Updated: May 19, 2023

Par Dre Deborah MacNamara (15 juin 2020)

Traduit par Nathalie Malo



Lors d’une fin de soirée, ma fille de 5 ans, m'a dit ceci: « Maman, je crois que nous avons un problème, car je n'aime pas dormir ». Pour ma part, j’ai convenu avec elle qu’il s'agissait effectivement d'un problème puisque, contrairement à elle, j'adore dormir. Étant donné qu'elle s’est aperçue que nous étions dans une impasse, elle m'a donc proposé cette solution : « Eh bien moi, je vais devenir noctambule comme mon hamster! ». Je lui ai répondu que cela créerait tout de même une complication parce que je suis diurne. Elle a répliqué : « Oh maman, arrête de prendre tes grands mots avec moi! »


Toutefois, en ce qui concerne les jeunes enfants, il existe décidément une chose sur laquelle vous pouvez compter, notamment que plus vous vous montrerez inflexible, et plus ils s'entêteront et vous résisteront. Que ce soient des luttes pour se rendre aux toilettes ou quitter le parc, les jeunes enfants éprouvent systématiquement des difficultés avec les transitions, et ils peuvent même se laisser aller à des crises de frustration. Par ailleurs, une autre facette des jeunes enfants correspond au fait que vous ne rencontrerez jamais des êtres aussi enjoués et joyeux qu’eux. À vrai dire, ils font preuve d'une capacité inégalée à faire en sorte que les aspects routiniers de la vie semblent être de nouveau inédits. De plus, leurs fous rires sont tout simplement contagieux. Il importe de préciser qu'ils vivent dans l'instant présent et qu'ils exhibent un engouement pour le jeu et l'imagination qui s’avère être tout simplement irrésistible.

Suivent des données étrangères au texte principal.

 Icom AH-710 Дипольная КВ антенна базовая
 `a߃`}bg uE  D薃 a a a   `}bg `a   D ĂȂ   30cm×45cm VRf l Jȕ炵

Il est intéressant de constater que le principal défi auquel nous sommes confrontés, en présence d’un jeune enfant, réside dans la prévisibilité de son caractère imprévisible! En effet, il peut passer d’un état émotionnel extrême à un autre, et ce, apparemment sans avertissement. Pour cette raison, au moment où des transitions surviennent dans sa vie, il peut arriver que nous ayons l’impression de marcher au milieu d’un champ de mines. Entre autres, il est nécessaire qu’il se brosse les dents et qu’il mange son déjeuner, mais parfois cela se produit à son plus grand déplaisir. Tandis que les jeunes enfants vivent dans l’univers du jeu, nous évoluons plutôt dans un monde qui est caractérisé par le travail et les responsabilités. En réalité, nous ne devons pas perdre de vue que les jeunes enfants n’agissent aucunement comme nous, et qu’il est peu probable que nous nous souvenions d’avoir été (ou d’avoir pensé) d’une façon similaire à eux. Or, il existe bel et bien un écart entre nous, mais au lieu de dépenser notre énergie à tenter de les faire changer, il serait préférable de faire appel à ce que nous savons être fondamentalement vrai à leur propos.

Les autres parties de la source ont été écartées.